What It Does
Chinese medicine is a complete medical system that has diagnosed, treated, and prevented illness for over twenty-three centuries. While it can remedy ailments and alter states of mind, Chinese medicine can also enhance recuperative power, immunity, and the capacity for pleasure, work, and creativity.
How It Thinks
Within Chinese Cosmology, all of creation is born from the marriage of two polar priciples, Yin and Yang: Earth and Heaven, winter and summer, night and day, cold and hot, wet and dry, inner and outer, body and mind. Harmony of this union means health, good weather, and good fortune, while disharmony leads to disease, disaster, and bad luck. The strategy of Chinese medicine is to restore harmony.
Each human is seen as a world in miniature, a garden in which doctor and patient together strive to cultivate health. Every person has a unique terrain to be mapped, a resilient yet sensitive ecology to be maintained. Like a gardener uses irrigation and compost to grow robust plants, the doctor uses acupuncture, herbs and food to recover and sustain health.
"I fell of a roof and was unable to walk without sevre pain. I was told I would have chronic arthritis for the rest of my life and never return to my ocupation as a roofer. After the third visit I experienced whole days without pain for the first time in six months. By the fifth visit I walked normally, without discomfort, and within a few weeks I returned to work." -- Angus McKenzie, age 36
Body Constituents (Qi, Moisture, Blood, Spirit, Essence)
Just as Nature contains air, sea, and land, the human body is comprised of Qi, (pronounced chee), Moisture, and Blood. Qi is the animating force that gives us our capacity to move, think, feel, and work. Moisture is the liquid medium which protects, nurtures, and lubricates tissue. Blood is the material foundation out of which we create bones, nerves, skin, muscles, and organs.
Human beings intermingle psyche and soma, Spirit (Shen) and Essence (Jing).
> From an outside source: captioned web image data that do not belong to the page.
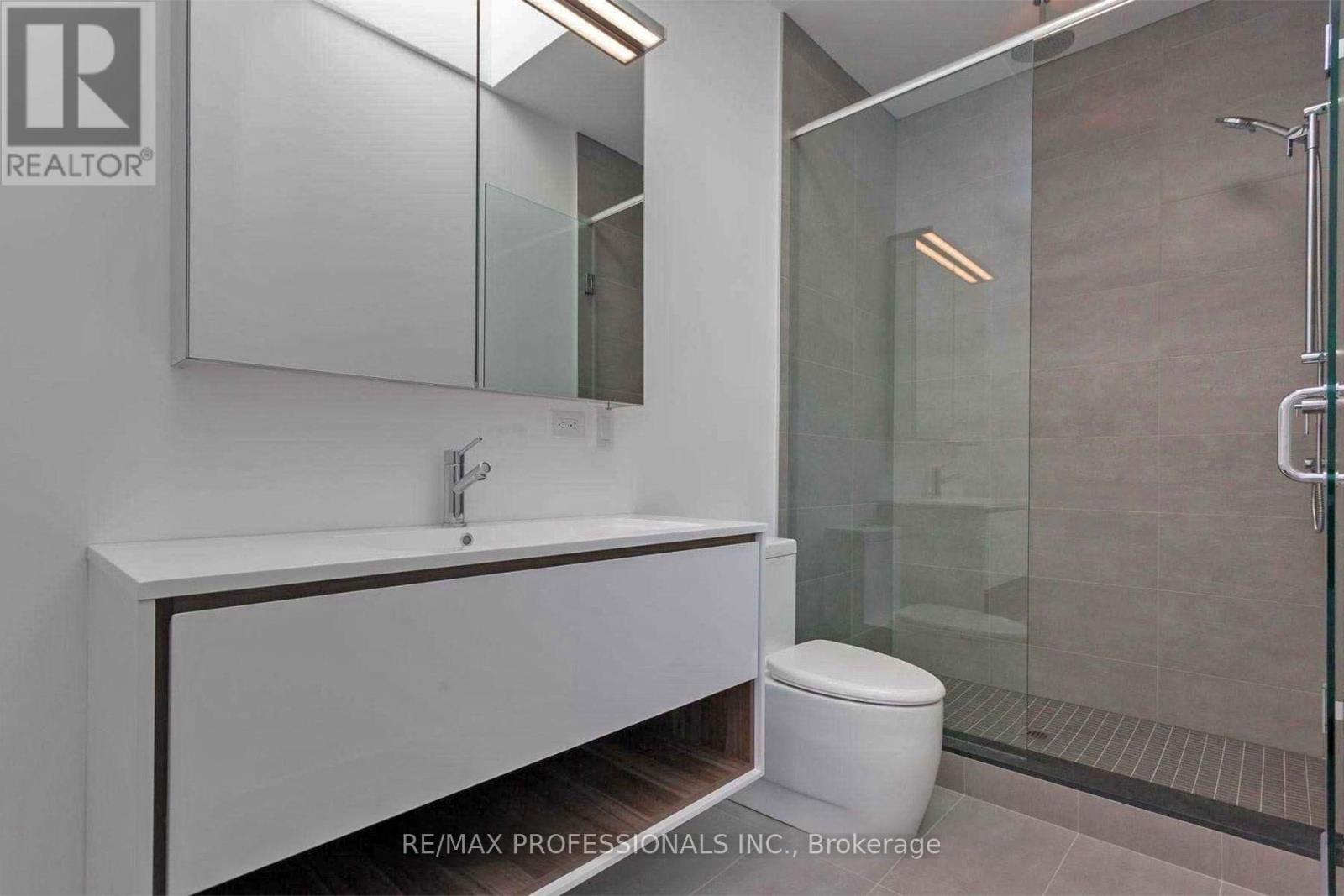 B - 60 Melbourne Avenue, Toronto, Ontario  M6K 1K7 - Photo 21 - W13085908
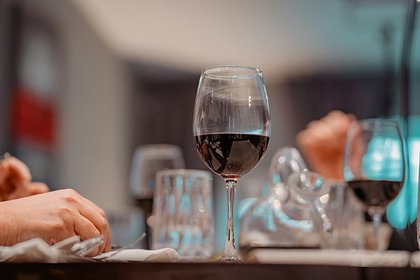 Нарколог объяснил причины разбитости после «пьяного сна»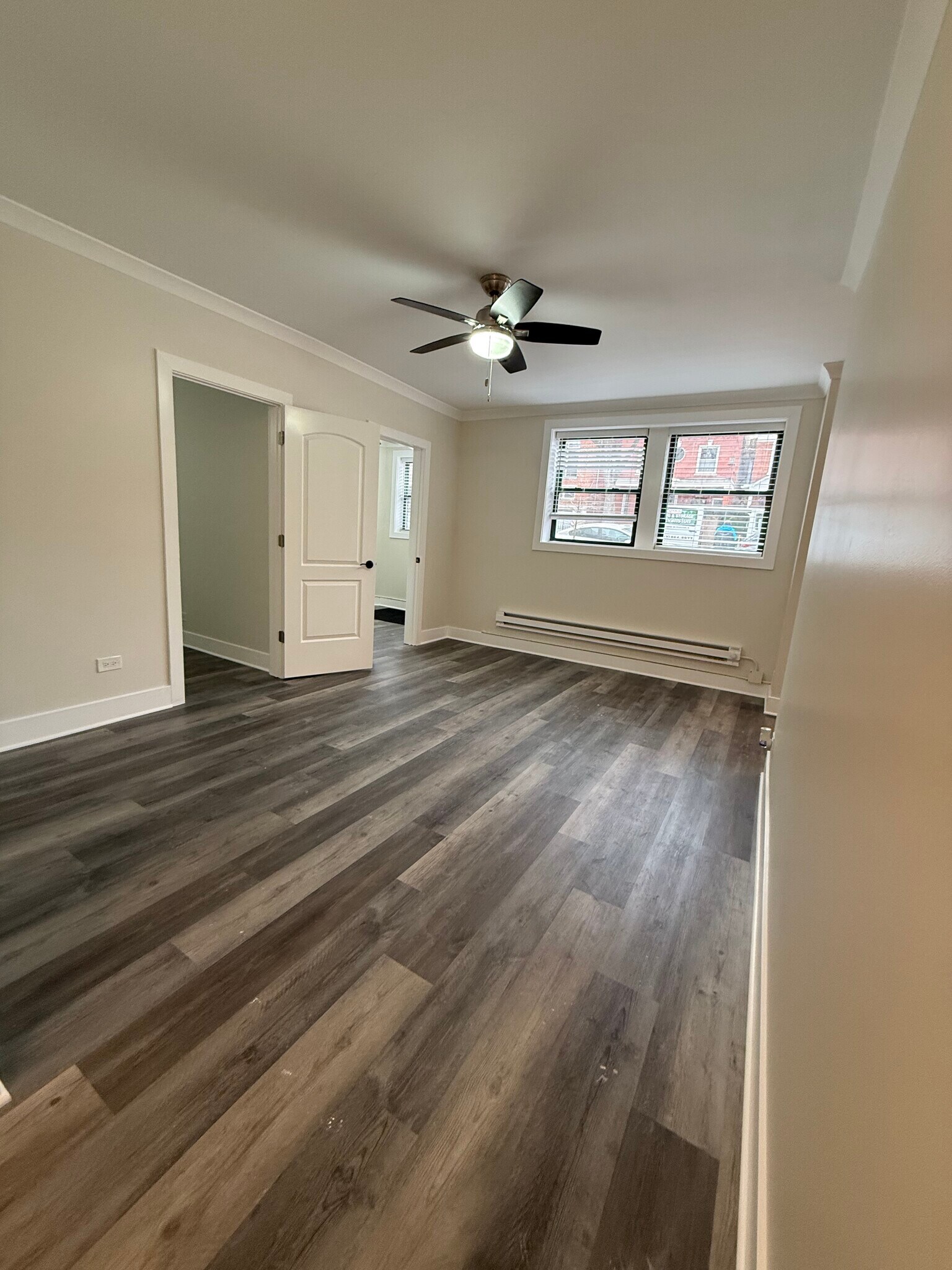 Building Photo - 3838 N Greenview Ave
Shen is the immaterial expression of the individual; and Essence represents the body's reproductive and regenerative substance. Chinese medicine appreciates the impact of the unseen upon the visible. Even though it is impossible to touch or measure thoughts or emotions, they are acknowledged as inextricably linked to physiology.
"I was on a seasaw of anti-depressant and anti-anxiety drugs for years until I began acupuncture to stabalize my dosage levels. It occured to me that maybe I could use acupuncture to get off drugs altogether. I got three treatments a week for five months and I'm now free of two very addictive medicines, both of which were prescribed by psychiatrists. I'm relieved to feel back in control of my life again."--Stphanie Mills, age 35
Organ Networks (Liver, Heart, Spleen, Lung, Kidney)
As Nature is organized by five primal powers- Wood, Fire, Earth, Metal, Water- so the body is divided into five functional systems known as Organ Networks. These Networks govern particular tissues, mental faculties, and physical ativities by regulating and preserving Qi, Moisture, Blood, Spirit, and Essence.